2. Syukuran  pada bulan ke dua, ke empat dan ke tujuh kehamilan

3. Syukuran tingkeban

4. Syukuran saat bayi lahir

5. Syukuran sepasaran, selapanan, dan puputan

6. Syukuran tedak siten

7. Khitanan

 

1. Syukuran saat seorang wanita mulai hamil .

Pada saat seorang wanita terlambat haidnya, diadakan upacara syukuran pada hari weton si wanita. Weton adalah saat lahir seseorang, berdasar Kalender Jawa. Tembung Weton berasal dari tembung metu atau keluar, maksudnya hari lahir.  Jika dalam Kalender Masehi dikenal hari-hari Senin sampai Minggu, maka dalam Kalender Jawa, dikenal hari-hari pasaran, yaitu Kliwon, Legi, Paing, Pon , dan Wage . Orang yang lahir hari Jumat Kliwon, berarti weton nya adalah Jumat Kliwon.

 

2. Syukuran  pada bulan ke dua, ke empat dan ke tujuh kehamilan

Syukuran bulan ke empat disebut ngupati , atau ngapati (dari kata papat, atau empat) , dan syukuran bulan ke tujuh disebut mitoni (dari kata pitu atau tujuh), tingkeban , atau nuju bulanin (Bahasa Betawi).

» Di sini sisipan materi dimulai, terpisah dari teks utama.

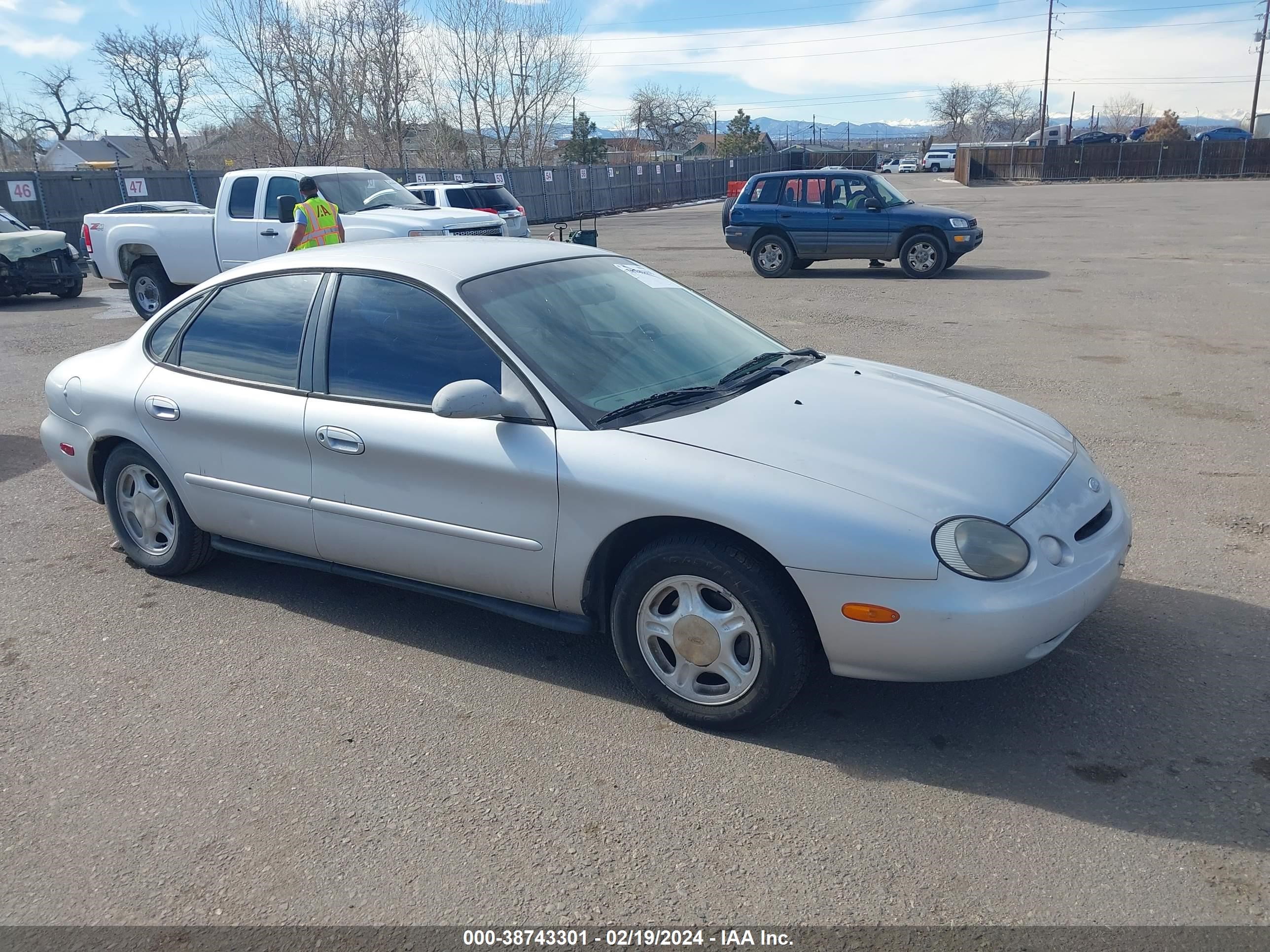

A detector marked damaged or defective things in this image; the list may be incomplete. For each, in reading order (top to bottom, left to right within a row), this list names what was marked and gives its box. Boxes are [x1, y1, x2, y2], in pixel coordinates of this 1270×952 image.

damaged vehicle [0, 206, 85, 302]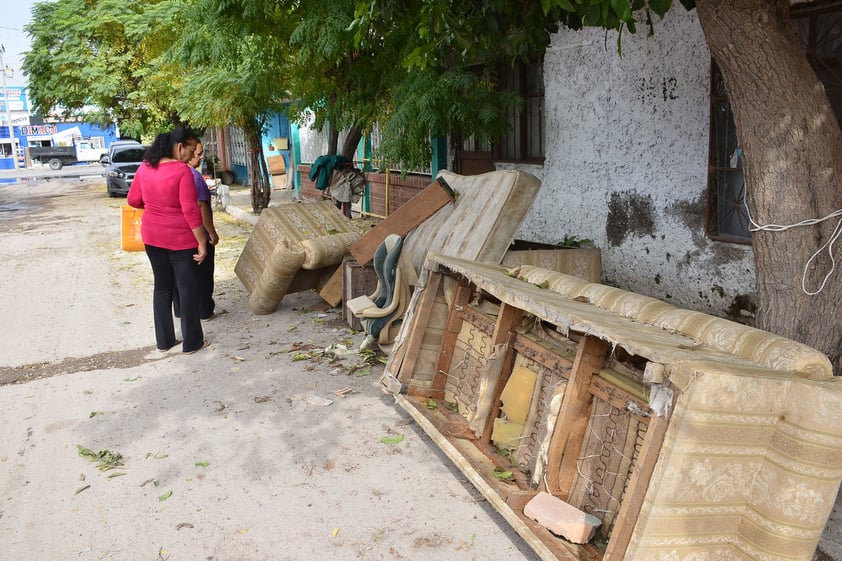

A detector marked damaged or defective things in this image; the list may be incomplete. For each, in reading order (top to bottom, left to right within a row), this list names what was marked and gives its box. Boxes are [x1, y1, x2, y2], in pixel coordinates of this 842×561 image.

damaged wooden frame [378, 253, 840, 560]
broken furniture frame [382, 253, 840, 560]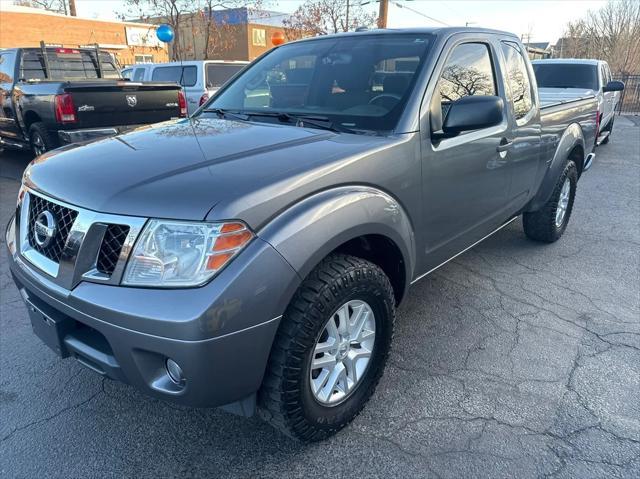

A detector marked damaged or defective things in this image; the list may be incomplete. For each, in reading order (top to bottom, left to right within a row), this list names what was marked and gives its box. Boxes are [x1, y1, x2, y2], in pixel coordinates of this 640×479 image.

cracked asphalt [0, 115, 636, 476]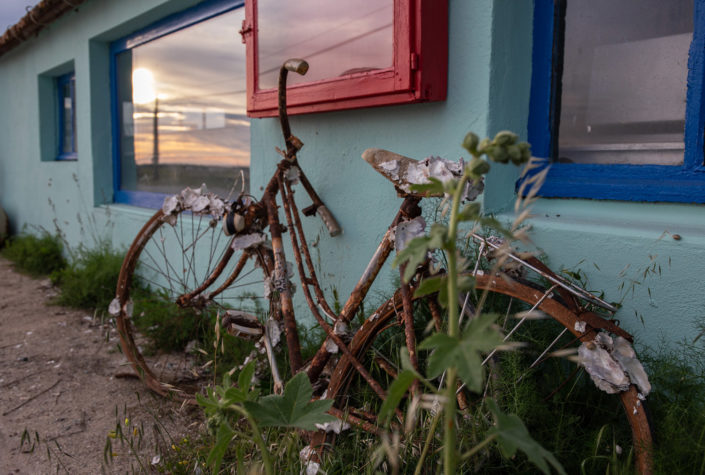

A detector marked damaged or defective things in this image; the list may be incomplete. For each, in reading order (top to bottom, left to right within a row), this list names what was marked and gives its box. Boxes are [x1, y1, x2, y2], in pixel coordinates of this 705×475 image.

rusty bicycle [110, 58, 656, 472]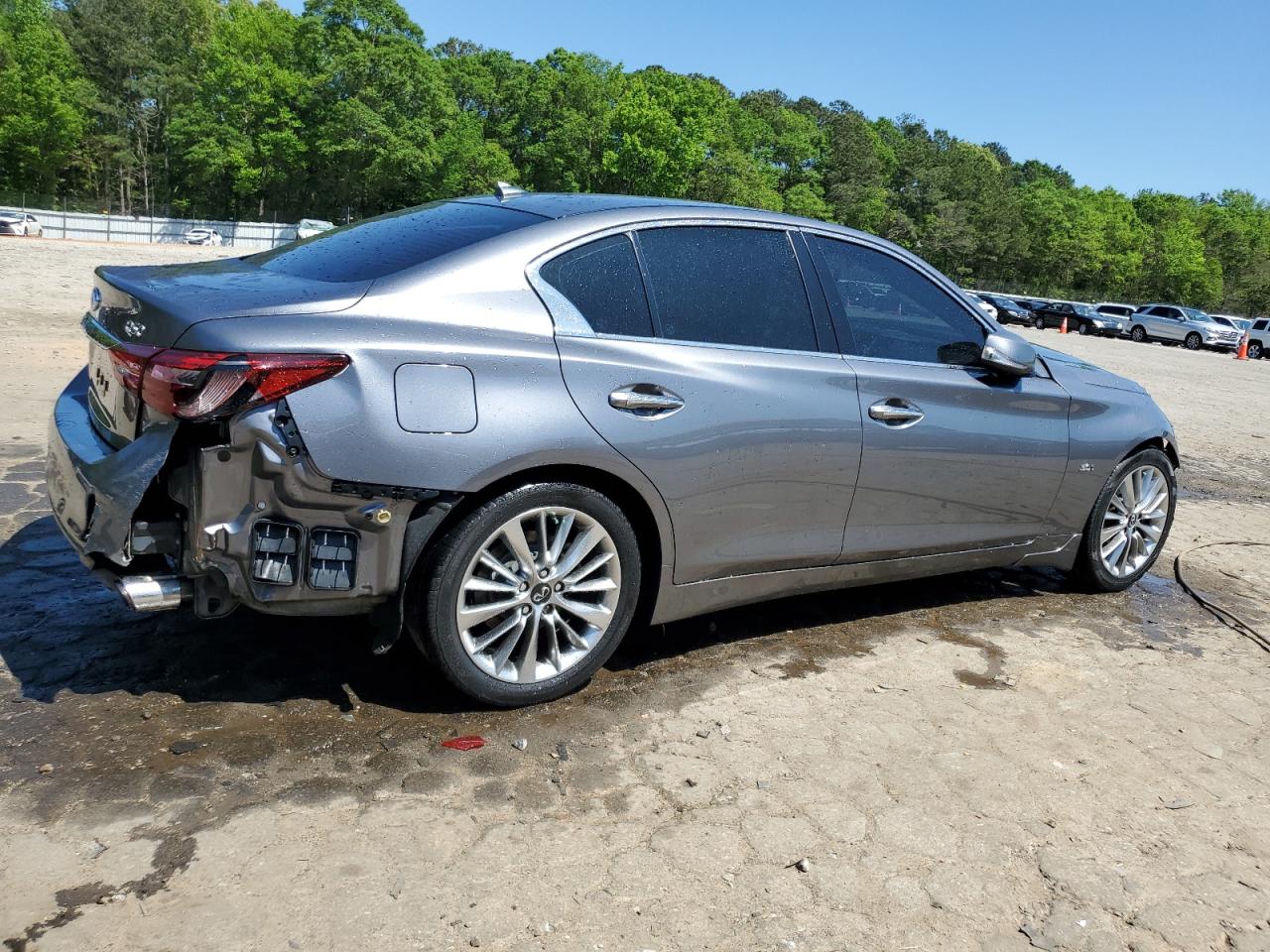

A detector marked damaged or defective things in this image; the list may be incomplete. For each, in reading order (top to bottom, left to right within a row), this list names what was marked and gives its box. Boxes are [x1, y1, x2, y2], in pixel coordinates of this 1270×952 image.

crumpled bumper [45, 369, 175, 563]
broken tail light [110, 347, 347, 422]
damaged infiniti q50 [47, 187, 1183, 706]
cracked pavement [2, 240, 1270, 952]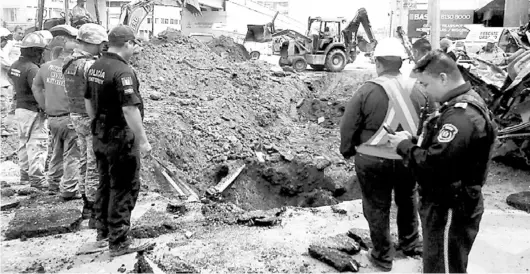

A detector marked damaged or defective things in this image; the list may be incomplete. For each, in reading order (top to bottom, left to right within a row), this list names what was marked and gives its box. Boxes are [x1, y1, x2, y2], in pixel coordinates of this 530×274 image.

broken asphalt slab [4, 208, 81, 240]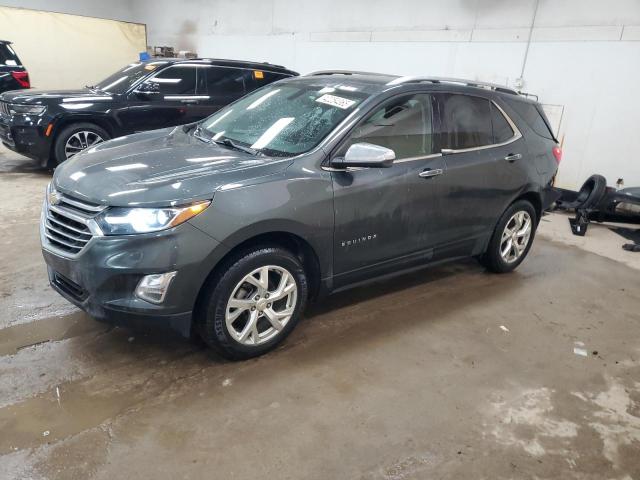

Selain bersyukur pada Tuhan, upacara syukuran itu juga dimaksudkan untuk mohon doa dan  berbagi rasa bahagia pada saudara, sahabat, dan tetangga. Bentuk rasa syukur, tergantung niat si empunya hajat. Bisa cukup sederhana, dengan sekedar membagikan bubur abang-putih dan jajan pasar pada kerabat dan tetangga; bisa juga dengan membagikan sega gudangan , bahkan mengundang kerabat dan tetangga, dan menjamunya dengan hidangan yang pantas. Semua upacara,selalu diawali dan diakhiri dengan doa.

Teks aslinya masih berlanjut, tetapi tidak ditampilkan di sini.